Pastor Stephen Muncherian
January 28, 2001


This morning we’re going on in our series of messages from 1 Thessalonians. We’ve been looking at “The Church Victorious” - how we as a church - and especially as individuals - how we can live victorious Christian lives. Today our focus is on being victorious in the word of God. I invite you to turn with me to 1 Thessalonians 2:13-16 - our text for today - and we’ll come there in a moment.

In 1990, Robert Seiple, at that time the president of World Vision, writing in World Vision Magazine, wrote this personal account. “In 1915, a Russian Armenian was reading his Bible when he was beheaded. I saw the Bible - large, thick and well used. Inside was a reddish stain that permeated most of the book. The stain was the blood of this man, one of more that a million casualties of a religious and ethnic holocaust.”

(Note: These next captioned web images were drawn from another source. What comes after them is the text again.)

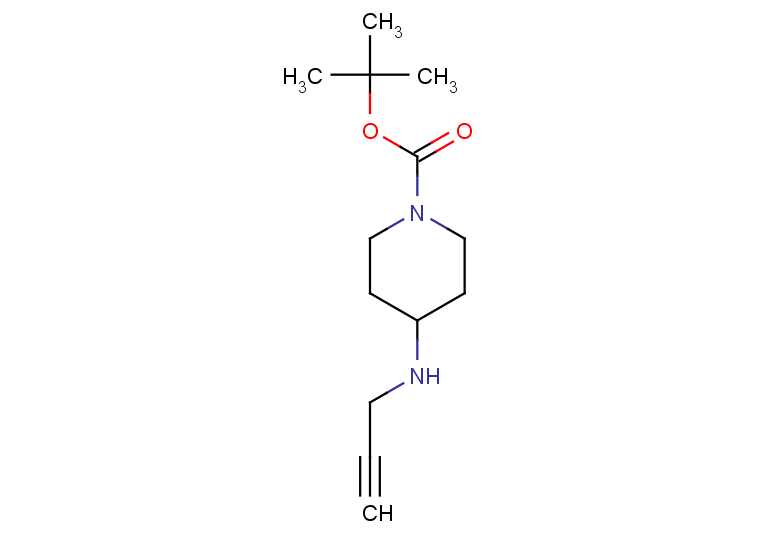 tert-butyl 4-[(prop-2-yn-1-yl)amino]piperidine-1-carboxylate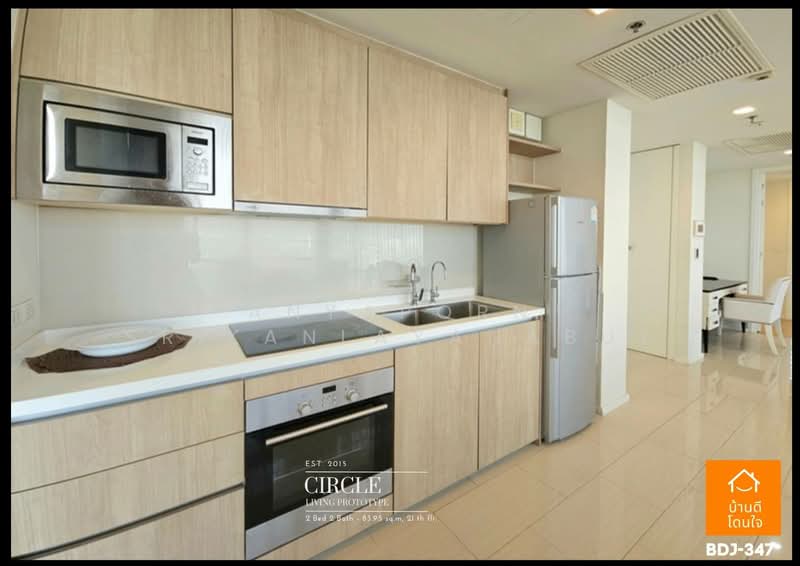 Circle Living Prototype : เซอร์เคิล ลิฟวิ่ง โปรโตไทพ์, กรุงเทพ, 1545 ถนนเพชรบุรีตัดใหม่, มักกะสัน, ราชเทวี, กรุงเทพ, 83 ตร.ม., คอนโด ให้เช่า, โดย Anyaporn Srikanlayanabut, 500289160 - DDproperty.com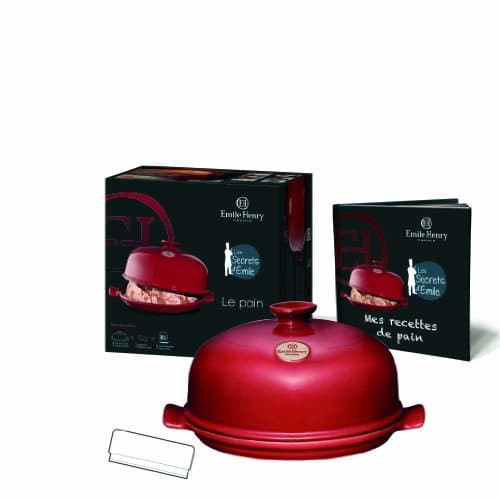 Emile Henry Flame Bread Baking Set - Red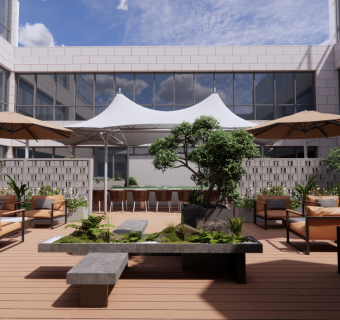 天台休闲区 会议区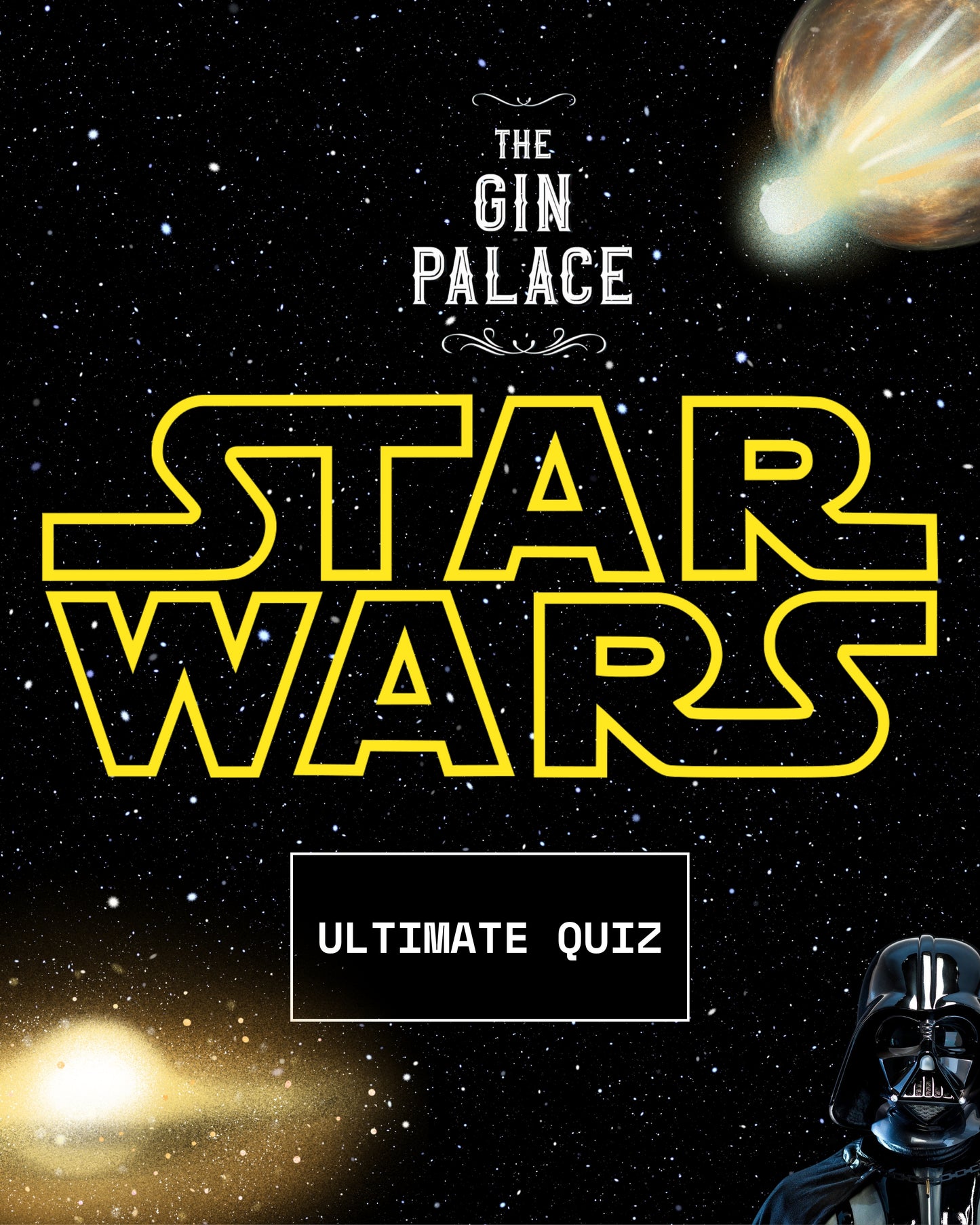 The Ultimate Star Wars Quiz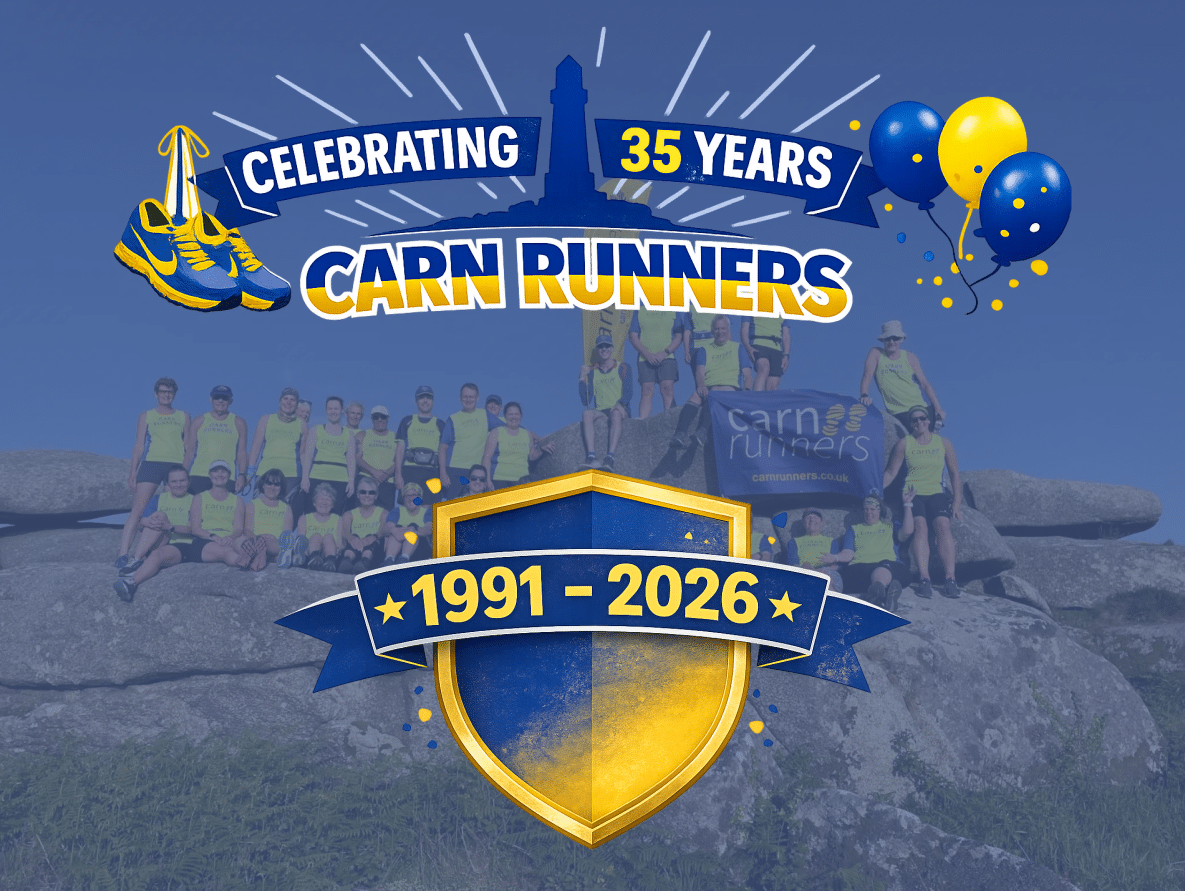 Carn Runners history and 35 year anniversary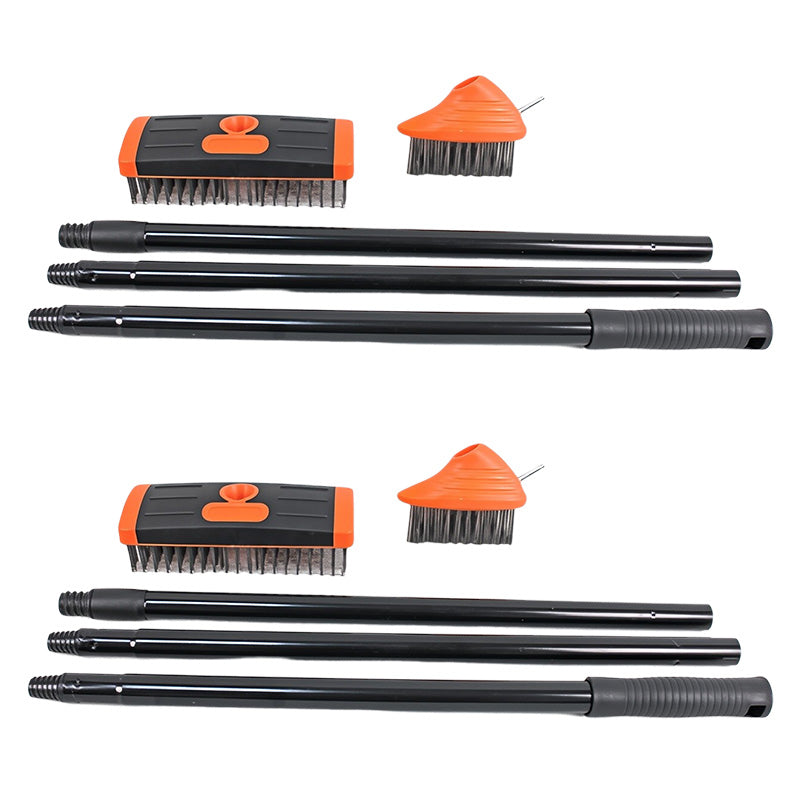 ๐ฟ Hot Sale!๐งน 3-in-1 Weeding Wire Brush Tools Set โ Durable Steel Brushes, Ergonomic Handle & Perfect for Patios, Driveways & Garden Paths ๐ก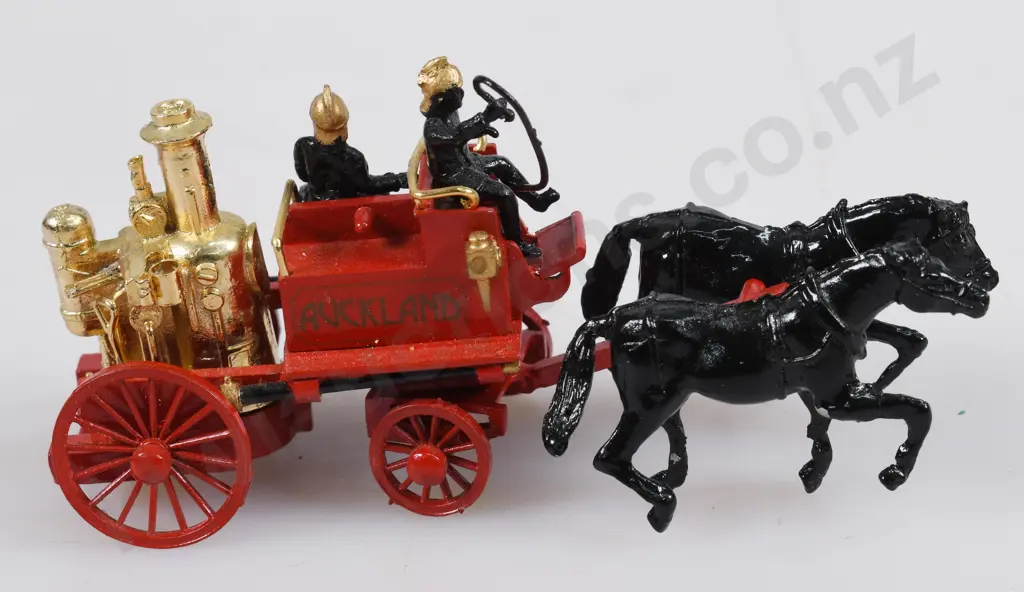 HALLMARK COLLECTIONS 1903 SHAND MASON STEAMER Image 1++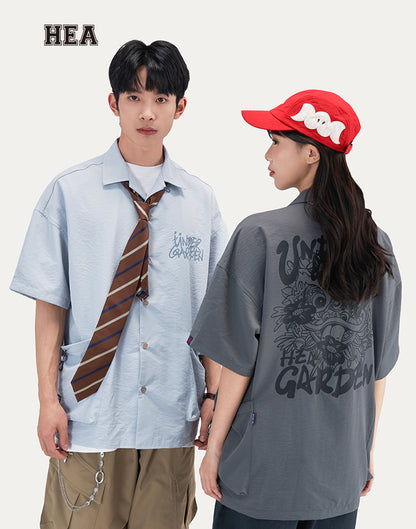 Short sleeved shirt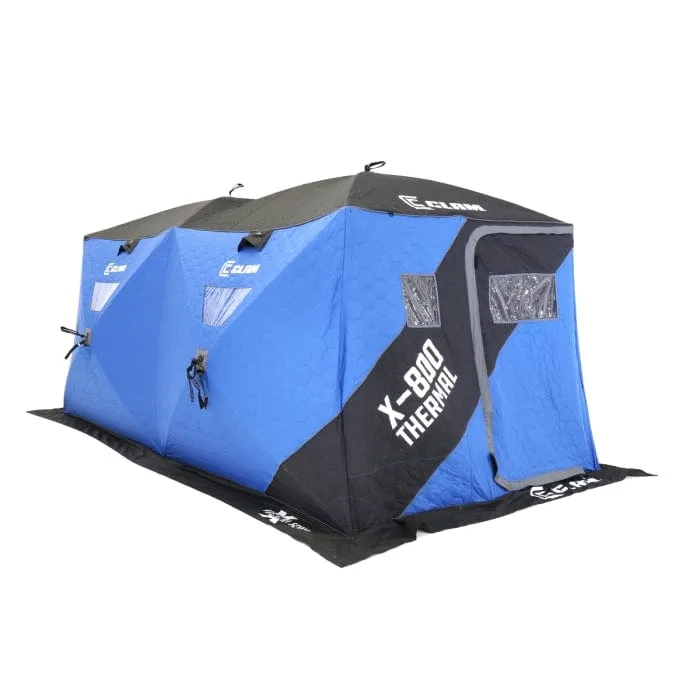 Clam X-800 Thermal Hub Ice Shelter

We are continually challenged by the legacy our forefathers have left to us. A precious and costly legacy. A legacy of endurance as nation - victorious living in the midst of overwhelming circumstances - a legacy of commitment to their faith as Christians.

Our forefathers lived believing in the supreme authority of the Bible over their lives. To them - the Bible stood above governments - above clergy - above the church and her traditions. It was supreme in authority and the words of the Bible were trusted and read - even in death.

In the Armenian Evangelical Confession of Faith, Article 3, adopted in July, 1846 - this statement of our forefather’s belief is recorded. “We believe that the Scriptures of the Old and New Testaments were given by inspiration of God, and are a revelation of His will to man, and the sufficient and only rule of faith and practice.”

What importance do we place on the word of God in our lives today? How can we live victorious in the word of God?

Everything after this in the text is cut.